§ RECORD EXTRACTS
▬▬▬▬▬▬

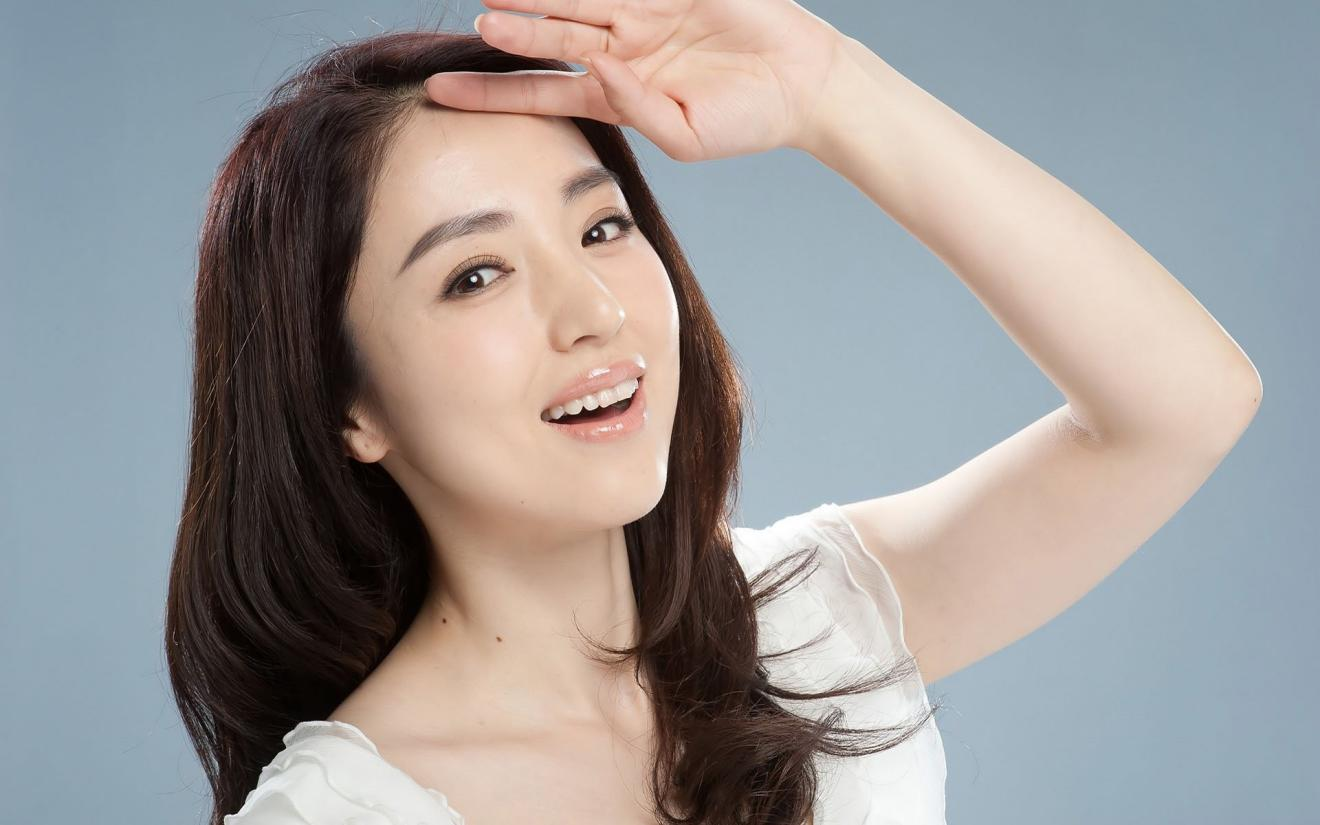 |职场上，要能干，更要会说，不露破绽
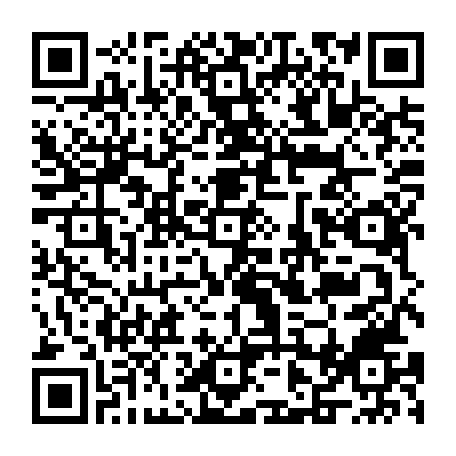 vCard 79237513418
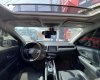 Honda HR-V 2021 - Odo chuẩn 21000km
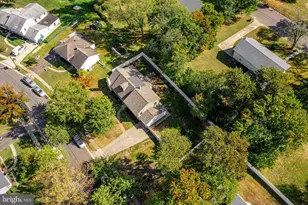 316 Farmdale Rd, Moorestown, NJ 08057 - Photo 57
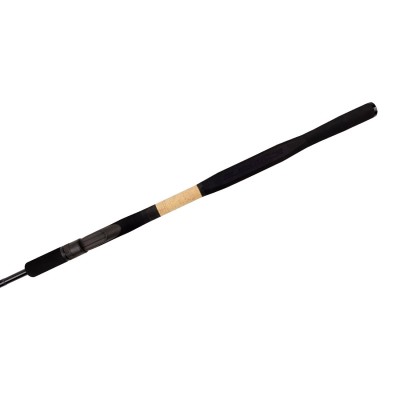 ELEGANCE FEEDER PRO Удилище фидерное World Champ 3,60м тест max 60г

▬▬▬▬▬▬

§ YOUR ASSIGNMENT
Output the complete listing exactly as it appears, except for the images.

§ RESPONSE
 |职场上，要能干，更要会说，不露破绽
 vCard 79237513418
 Honda HR-V 2021 - Odo chuẩn 21000km
 316 Farmdale Rd, Moorestown, NJ 08057 - Photo 57
 ELEGANCE FEEDER PRO Удилище фидерное World Champ 3,60м тест max 60г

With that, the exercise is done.